A Smoke Sensor in a Bottle Cap?

A Smoke Sensor in a Bottle Cap?

It sounds like the setup to a joke. “What’s the difference between a hamburger and an armchair?” The consequences of the punchline are no joke. They could mean the difference between alerting you to a potential fire in the armchair or a false alarm from the cooking hamburger.

The reason is because not all smoke is the same. Different sources produce different types of smoke. Yet many smoke detectors can be just as easily triggered by a cooking hamburger as fire from a burning armchair. Tragically, unwarranted alarms, such as those from dad cooking a well-done burger, leads to almost a quarter of all smoke alarms to be disabled. With three out of five fire-related deaths coming from properties without working - or disabled - smoke detectors, there is an urgent need for these devices to produce fewer false alarms. The need is even more critical today, as the time needed to escape a modern home or building has been cut almost by half due to modern synthetic building materials which burn faster. When there really is a fire, people need confidence the threat is real, so they will react faster and get out of their building or home quicker. (In fact regulations, such as UL217, are continually being revised to ensure that regulated smoke detectors eliminate  false alarms and with increasingly faster alert times, depending on smoke type.)

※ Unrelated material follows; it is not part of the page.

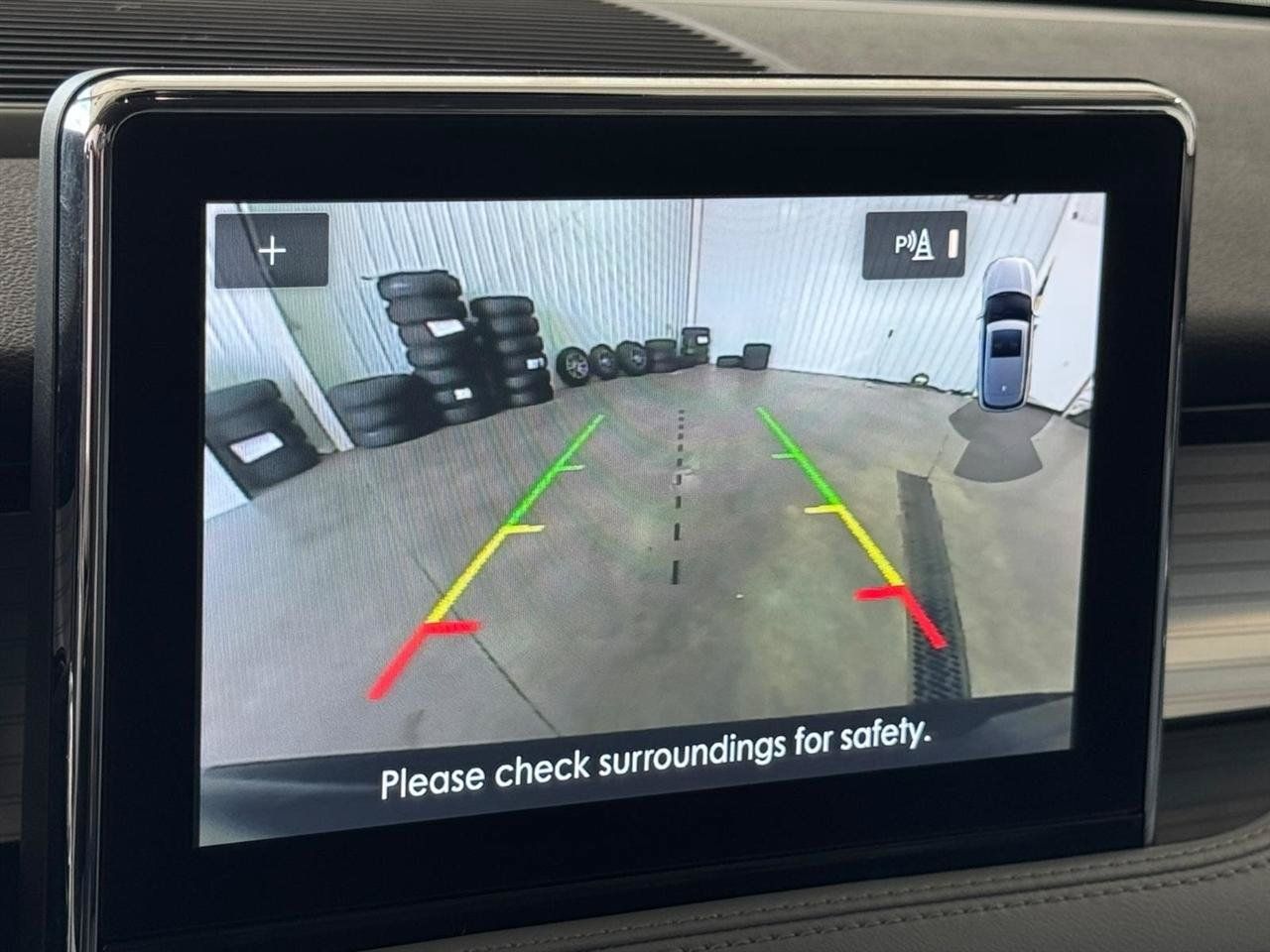 Used 2021 Lincoln Corsair AWD w/ Towing Package I image 18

To understand the breakthrough in smoke detection made by Analog Devices, we need a basic understanding of how a typical smoke detector works. Inside is a device called a photocell, made of material which conducts electricity. How much electrical current flows is directly related to the intensity of light shining on this material. So, when smoke passes between the light source and the photocell, current flow in the circuit changes - because the light is blocked - setting off the alarm.* The problem, as stated above, is smoke detectors cannot distinguish between smoke from a burning chair or a cooking hamburger.

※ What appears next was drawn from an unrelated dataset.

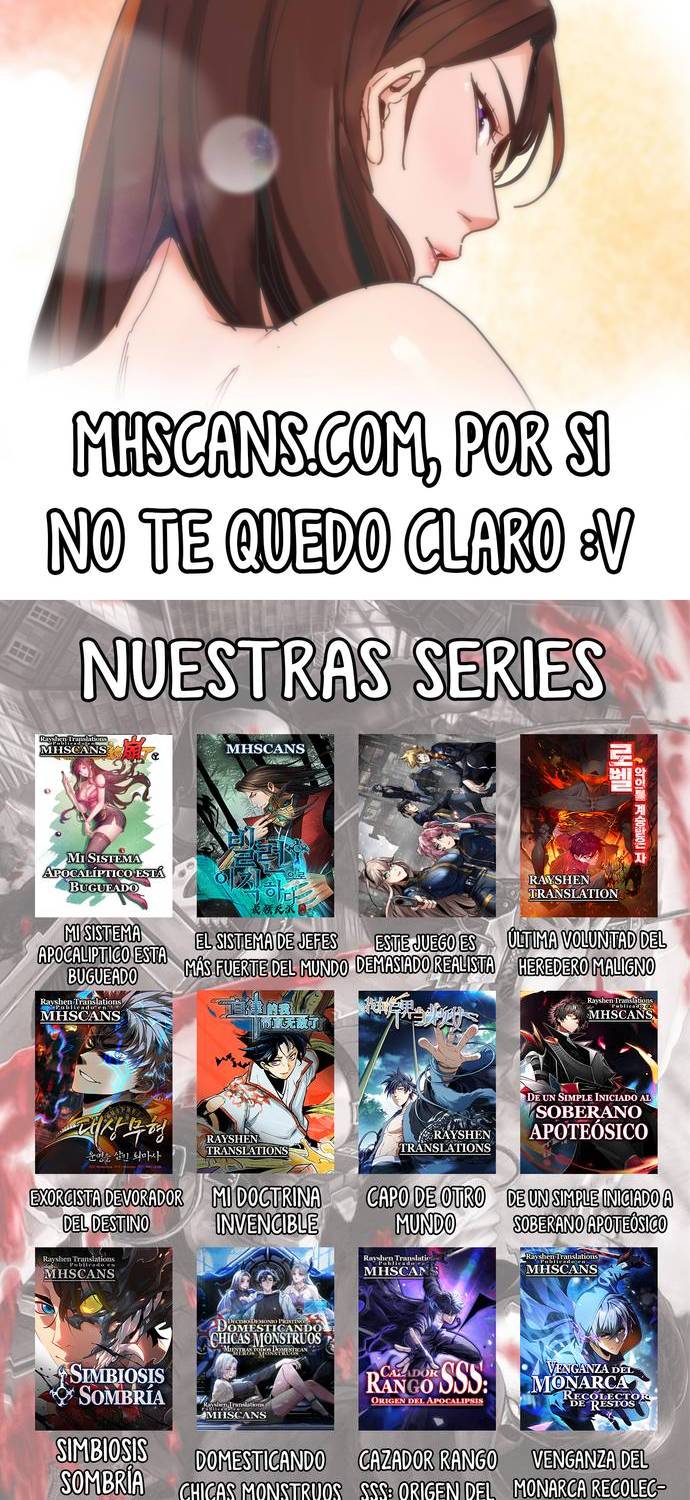 De un Inútil Cargo hasta el Amo de Rango DEFINITIVO capítulo 83 página 42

ADI engineers did a deep dive into the problem and came up with a different way not just to detect smoke but detect different kinds of smoke. They did so by changing the frequency of the beam of light shining on a built-in photodetector. Then they literally went one better by adding a second beam at a different frequency. To analyze the two signals now being produced by the sensor a bit of programmable digital logic was added. Everything needed for a complete advanced smoke detection system is there in one package. The product is known officially as the ADPD188BI but is often called, because of its incredibly small size, by its nickname “Smoke Sensor in a Bottle Cap.”

ADPD1881BI-CHIP

ADI’s new smoke detection solution is small (3.8mm x 5mm x 0.9mm) and uses three times less power than existing solutions for longer battery life

The “bottle cap” part of this solution is a story unto itself. The only light you want shining on the photodiode must only come from the built-in light source. Any other light could trigger or, dangerously, prevent an alarm from sounding. ADI engineers designed a light-limiting cap to go on top of the ADPD188BI. It prevents light - other than the two internal beams - from hitting the sensor. To manufacture this cap, we turned to Accumold, an Iowa-based leader in moulding and packaging. Together Analog Devices’ ADPD188BI and Accumold’s 28800X smoke chamber are a UL listed solution to the armchair/hamburger problem.

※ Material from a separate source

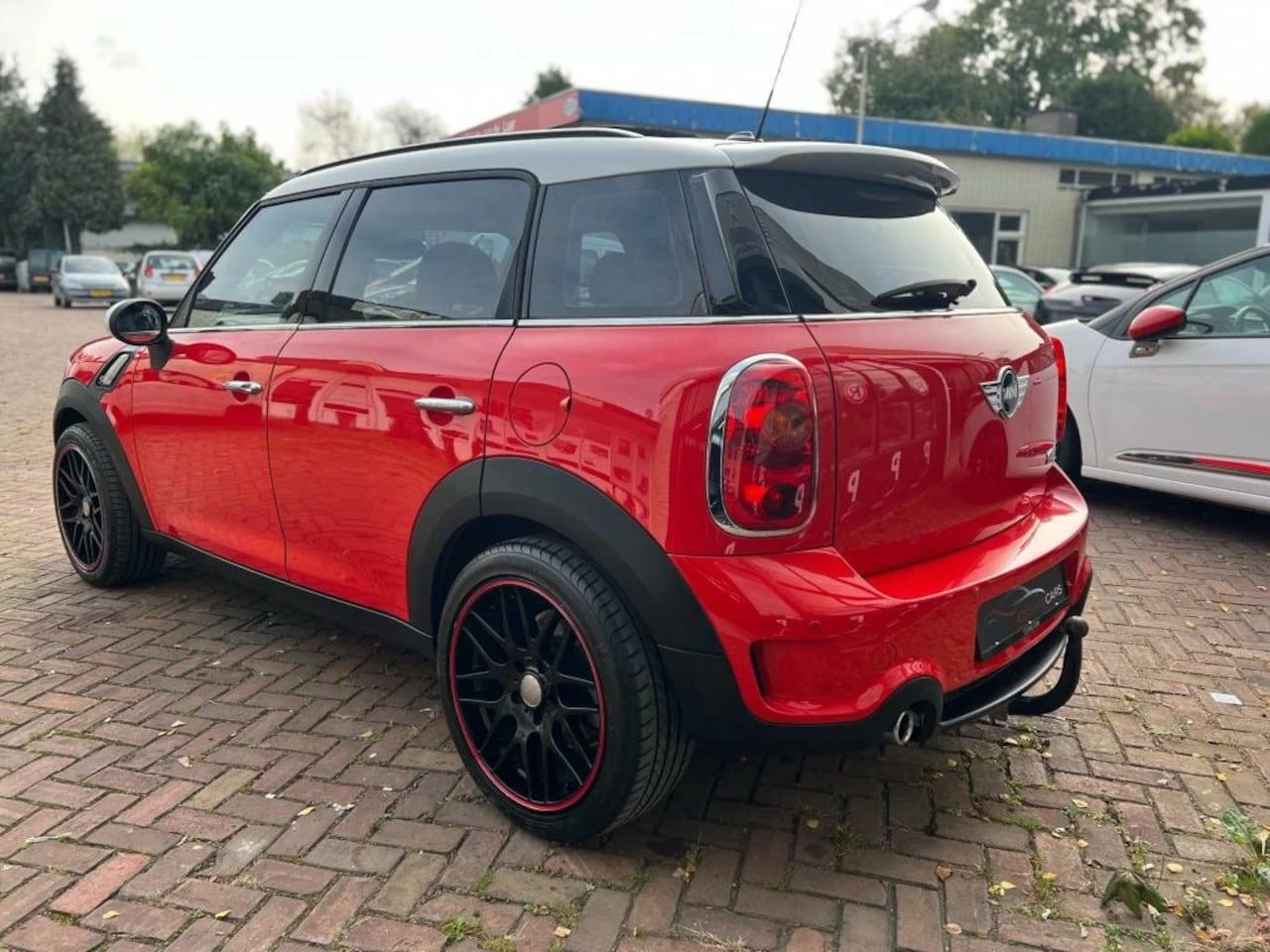 Hoofdafbeelding MINI Countryman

For engineers who require a smoke detection solution unique to their needs, the ADPD188BI can be custom programmed to detect and alert different types and combinations of smoke. Developers are encouraged to visit the ADPD1881BI web page for all the details. There’s also a short video you can access near the top of a recent demonstration of the product in action.

Video with button

Video explaining how to set up the ADPD1881 Smoke Detector

The ADPD188BI Integrated Optical Module for Smoke Detection may not help dad cook a better hamburger, but it can make homes and buildings safer.

 

= = = =

*I cannot resist a quick aside about a Zurich patent clerk who was so intrigued by photocells he questioned the very nature of light. It basically boiled down to whether light was made up of waves or particles. The answer? It is both. Albert Einstein’s 1905 paper on light energy led to the development of quantum mechanics and would earn him the 1921 Nobel Prize in physics for "his discovery of the law of the photoelectric effect." A century later quantum mechanics is still used by scientists in their quest to understand the very nature of the universe.